Le développement exponentiel du numérique fait surgir autant d’interrogations sur les plans géopolitique, sociétal et environnemental. Quel rapport de force est amené à s’instaurer avec l’accroissement constant des besoins en eau, en métaux et en terres ? Comment agir sur les pollutions directes et indirectes du secteur ? Autant de défis à la portée systémique à relever.
Allié ou ennemi de l’environnement ? Le numérique, à l’instar des métaux nécessaires à la révolution électrique, est invoqué comme une clé de voûte essentielle à la transition climatique. Au gré des progrès des technologies de l’information, les promesses se multiplient à de nombreux niveaux : meilleure anticipation des impacts du changement climatique, modélisations de plus en plus fines sur les questions de gestion du territoire et des activités humaines – des transports à l’urbanisme et l’aménagement, en passant par l’eau, la consommation énergétique ou la sécurité. Mais en l’absence d’une régulation de sa croissance globale, le numérique pourrait bien au contraire devenir un obstacle. Rien qu’en France, selon le rapport de la mission d’information sur l’empreinte environnementale du numérique du Sénat publié en 2020, son empreinte carbone pourrait augmenter de 60 % d’ici à 2040 si rien n’est entrepris pour la limiter.

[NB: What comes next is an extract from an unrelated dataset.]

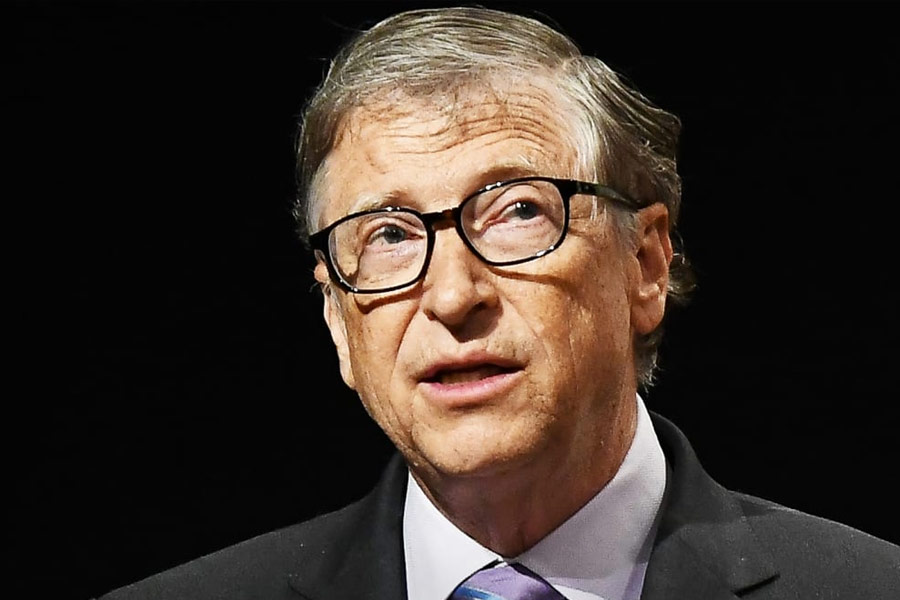 Bill Gates meets with President Xi Jinping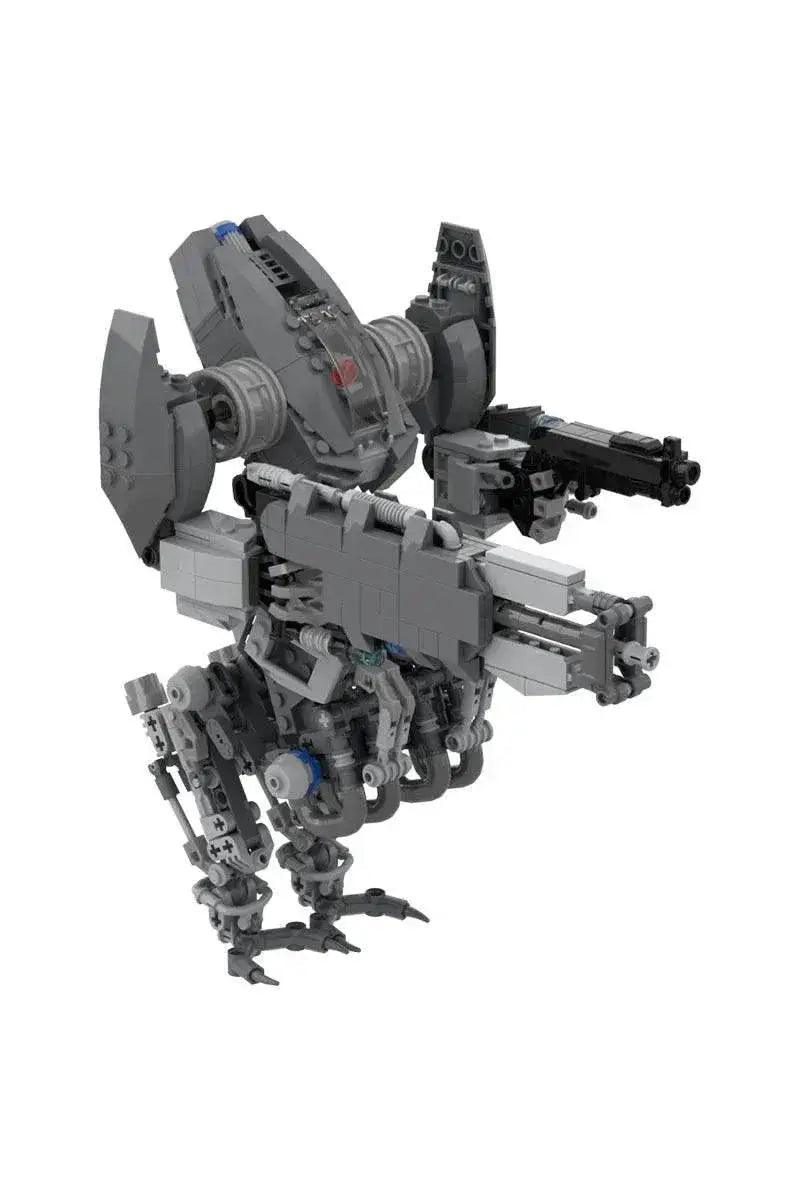  MOC MOC Phobos Robot Model Building Blocks Demon Warrior Mecha Building Bricks MOC -  ToylandEU™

Sur le plan climatique, les grandes études académiques soulignent que la contribution du numérique aux émissions de carbone globales est actuellement comprise entre 1 et 4 % des rejets de CO2. À l’échelle de l’Union européenne, ces émissions seraient de l’ordre de 3 % et de 2,5 % pour la France. « Le plus important à regarder n’est pas forcément cette proportion actuelle, mais plutôt la tendance de ces émissions. Et, depuis juin 2023, la communauté scientifique est plus ou moins arrivée à un consensus : les émissions du secteur augmentent », souligne dans l’un de ses articles Gauthier Rousshile, chercheur au Royal Melbourne Institute of Technology (RMIT), spécialiste des enjeux environnementaux de la numérisation. Si la part la plus importante de l’empreinte carbone du numérique est imputable à la fabrication des équipements, vient en deuxième position la consommation électrique, requise pour faire transiter, stocker et afficher la donnée. Cette dernière est en constante augmentation.